My true love and I went on a little adventure today, and there is footage! We visited the Garden in the Woods, a lovely wildflower garden in Framingham, Massachusetts, run by the New England Wild Flower Society.
So many beautiful flowers!
So many turtles in the lily pond! (Click to enlarge.)
Oh, but really, the flowers!
Oh, the flowers!
And there's shopping. The New England Wild Flower Society propagates native plants. The gift shop has all kinds of tempting tchotchkes -- wind chimes, jewelry, amazing books that are only tchotchkes when you have as many still unread books lying about the house as we do -- but also a beautiful selection of native plants nurtured by the Society which you can buy and plant in your own garden.

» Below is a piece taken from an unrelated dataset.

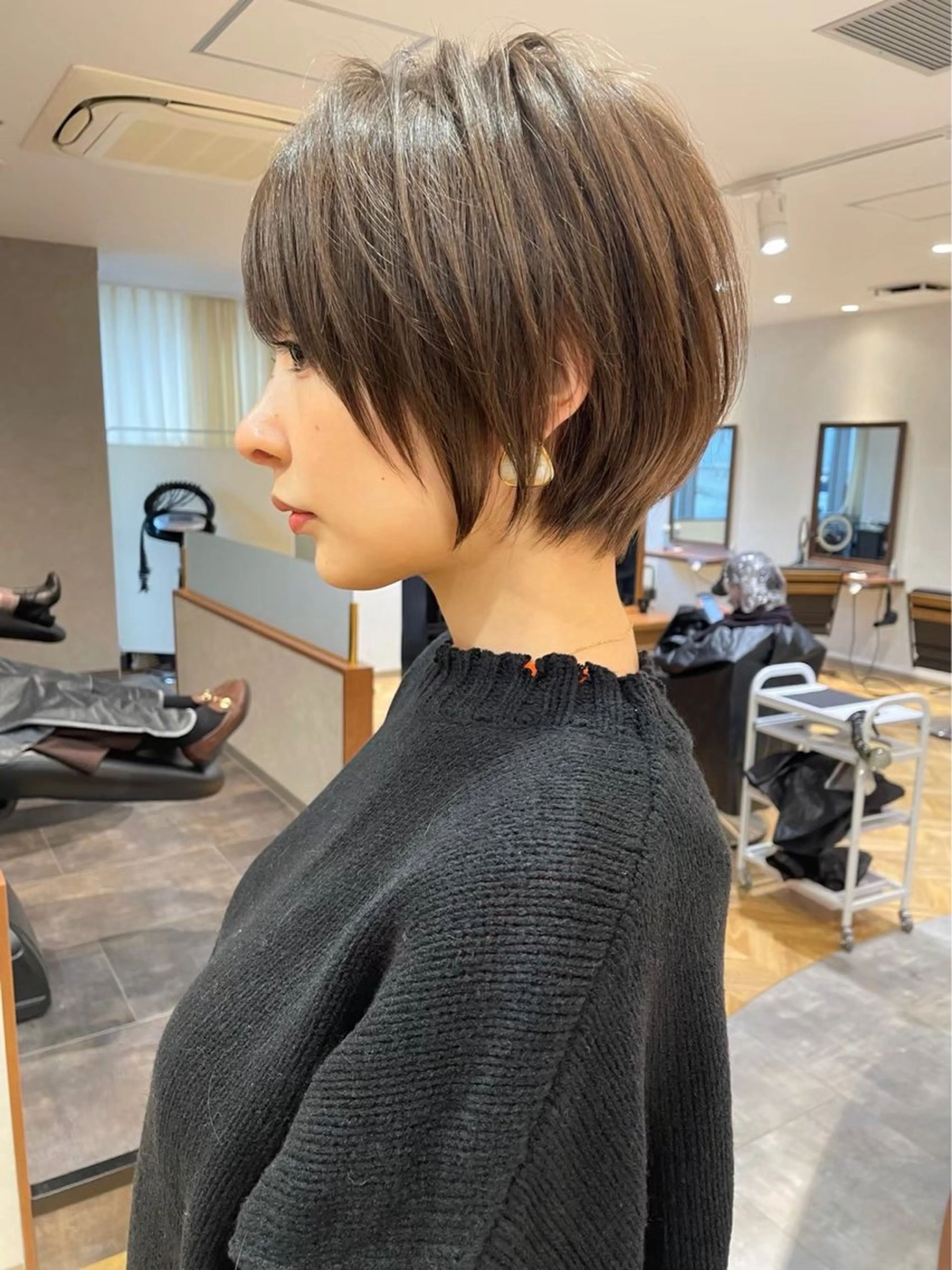 ショート くびれヘア 顔周りカット ハッシュカット 髪質改善 韓国風ヘア カット ヘアカラー トリートメント 博多ベージュ 🐻松井傑のヘアスタイル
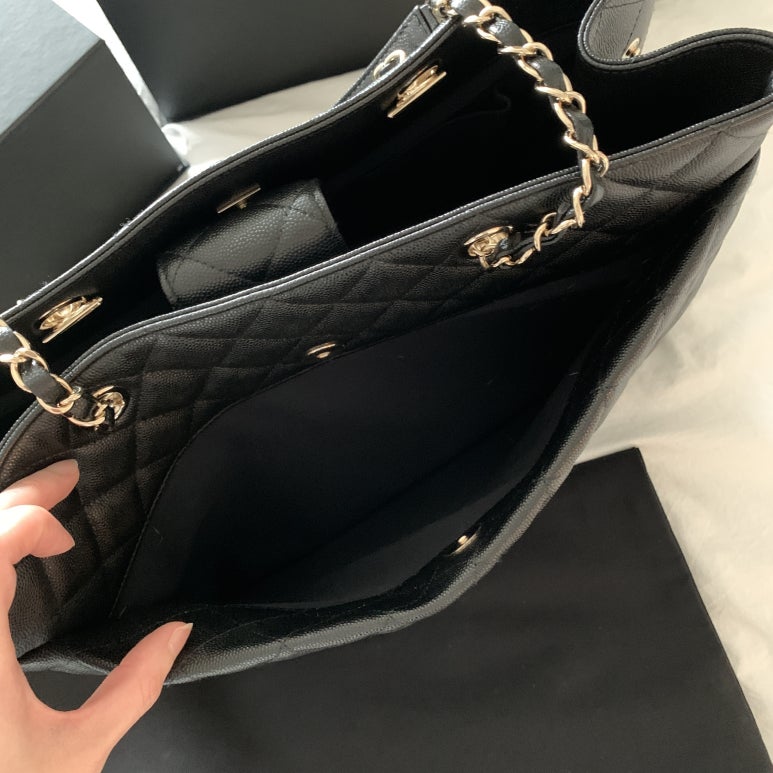 샤넬 25C 크루즈 쇼퍼백 라지 체인 클래식 사각백 캐비어 금장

Most are quite reasonably priced, but there were some surprises.
These diminutive lady slippers (local native orchids), for example, cost $55.00 each, because having been cultivated from seed, not collected from the wild, each little plant took years to reach this size. Once you plant them in your yard or habitat, they will flourish with little care (though they will not proliferate quickly), yet coaxing them this far into adulthood -- in captivity, as it were -- takes quite a bit of time and effort.
Okay, but I promised you movies. They're short, and they were taken by my true love in order to show my spectacular prosthetist Bob how I am using my new leg out in the world.
The first shows me just walking down a gentle slope.
The second shows me walking down a very steep slope. Bear in mind that the dirt is covered with gravel, some loose, some imbedded.
Garden in the Woods is not exactly accessible to wheelchair users unless you bring along Sven your muscular manservant to keep control of your chair on steep, gravel-dusted slopes like this. (I did discover later that "cart tours," rides around the park in a covered golf-cart type of thing, are available for people with mobility issues; call in advance to arrange.) However, I saw many other people walking around on alternative equipment or with various aids (including canes, crutches, and supportive arms of friends and family), and there were many, many strollers.
However you do it, this is a place you will want to go through slowly. Otherwise you might miss something.